El Hijo murió en la cruz. Y, ¡oh paradoja divina!: “la piedra que desecharon los arquitectos es ahora la piedra angular; es el Señor quien lo ha hecho, ha sido un milagro patente” (Mt 21,42). El rechazado, el condenado, el crucificado, es ahora la fuente de la vida. “Vosotros le matasteis colgándolo de un madero, pero Dios lo resucitó y lo exaltó a su derecha como Príncipe y Salvador, para dar a Israel la ocasión de arrepentirse y de alcanzar el perdón de los pecados” (Hch 5,30-31).
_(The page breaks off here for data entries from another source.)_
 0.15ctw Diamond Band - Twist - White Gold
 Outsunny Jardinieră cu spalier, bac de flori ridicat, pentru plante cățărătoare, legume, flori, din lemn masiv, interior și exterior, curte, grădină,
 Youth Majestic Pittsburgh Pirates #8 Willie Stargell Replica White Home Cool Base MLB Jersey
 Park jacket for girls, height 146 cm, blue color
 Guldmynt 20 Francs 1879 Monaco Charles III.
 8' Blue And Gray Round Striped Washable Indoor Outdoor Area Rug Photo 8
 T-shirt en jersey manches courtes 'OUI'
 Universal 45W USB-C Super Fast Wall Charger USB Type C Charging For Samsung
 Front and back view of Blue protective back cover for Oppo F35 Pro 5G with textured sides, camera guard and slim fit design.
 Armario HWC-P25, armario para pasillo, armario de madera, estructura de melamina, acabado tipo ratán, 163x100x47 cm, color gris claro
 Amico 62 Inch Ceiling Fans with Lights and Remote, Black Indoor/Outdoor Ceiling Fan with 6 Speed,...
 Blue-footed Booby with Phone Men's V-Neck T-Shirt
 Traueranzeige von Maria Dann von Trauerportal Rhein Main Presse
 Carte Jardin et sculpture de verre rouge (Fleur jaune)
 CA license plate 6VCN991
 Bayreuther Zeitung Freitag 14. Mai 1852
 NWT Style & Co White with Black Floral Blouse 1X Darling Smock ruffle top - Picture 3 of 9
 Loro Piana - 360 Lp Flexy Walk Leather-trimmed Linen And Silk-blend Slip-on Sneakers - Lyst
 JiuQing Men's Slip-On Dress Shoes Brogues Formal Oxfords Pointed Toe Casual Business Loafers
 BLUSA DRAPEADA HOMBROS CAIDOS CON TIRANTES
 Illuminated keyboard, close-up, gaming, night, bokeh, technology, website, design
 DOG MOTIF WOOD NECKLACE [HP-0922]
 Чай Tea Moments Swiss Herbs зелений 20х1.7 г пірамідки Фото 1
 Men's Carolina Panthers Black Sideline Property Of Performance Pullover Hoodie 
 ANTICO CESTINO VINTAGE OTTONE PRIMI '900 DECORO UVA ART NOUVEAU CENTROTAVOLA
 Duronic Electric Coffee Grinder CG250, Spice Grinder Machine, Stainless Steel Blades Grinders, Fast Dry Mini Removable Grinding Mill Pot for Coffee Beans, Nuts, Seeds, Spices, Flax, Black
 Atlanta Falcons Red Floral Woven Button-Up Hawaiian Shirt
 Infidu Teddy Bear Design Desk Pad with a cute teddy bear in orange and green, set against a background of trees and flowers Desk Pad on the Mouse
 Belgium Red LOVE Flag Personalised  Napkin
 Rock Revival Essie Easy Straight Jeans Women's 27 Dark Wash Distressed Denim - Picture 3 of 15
Por sus buenas obras, por su vida hecha amor, Jesucristo es la vid, el vino bueno, el Cordero de Dios que quita el pecado del mundo. Su muerte a manos de los labradores pone en evidencia tu vida de pecado, pero su paciencia y misericordia te salvan si crees y te acoges a Él. 

La parábola de los viñadores homicidas, como imagen de la pasión y muerte de Jesús, no viene a condenarte sino a pedirte que te conviertas por la contemplación del amor de Dios. Pregúntate hoy por tu propia vida y la del mundo que habitas: 
*como persona ¿das buenos o malos frutos?; 
*como criatura: ¿haces un buen uso de la naturaleza o la explotas y esquilmas sin escrúpulo?; 
*como Iglesia ¿das amor o amargura, esperanza o desesperanza?; 
*como ciudadano ¿trabajas con conciencia de que la viña es del Señor y los frutos de todos sus hijos, o te crees con derecho a todo tipo de abusos y privilegios, derrochando mientras otros no tienen nada, explotando y manipulando al pobre? 

Una última pregunta: ¿vives de cara a Dios o te has olvidado de Él? ¿Eres de los que se sienten decepcionados por Dios o de los que sienten que le decepcionan? Toda una reflexión que te puede llevar de vuelta a la casa del Padre.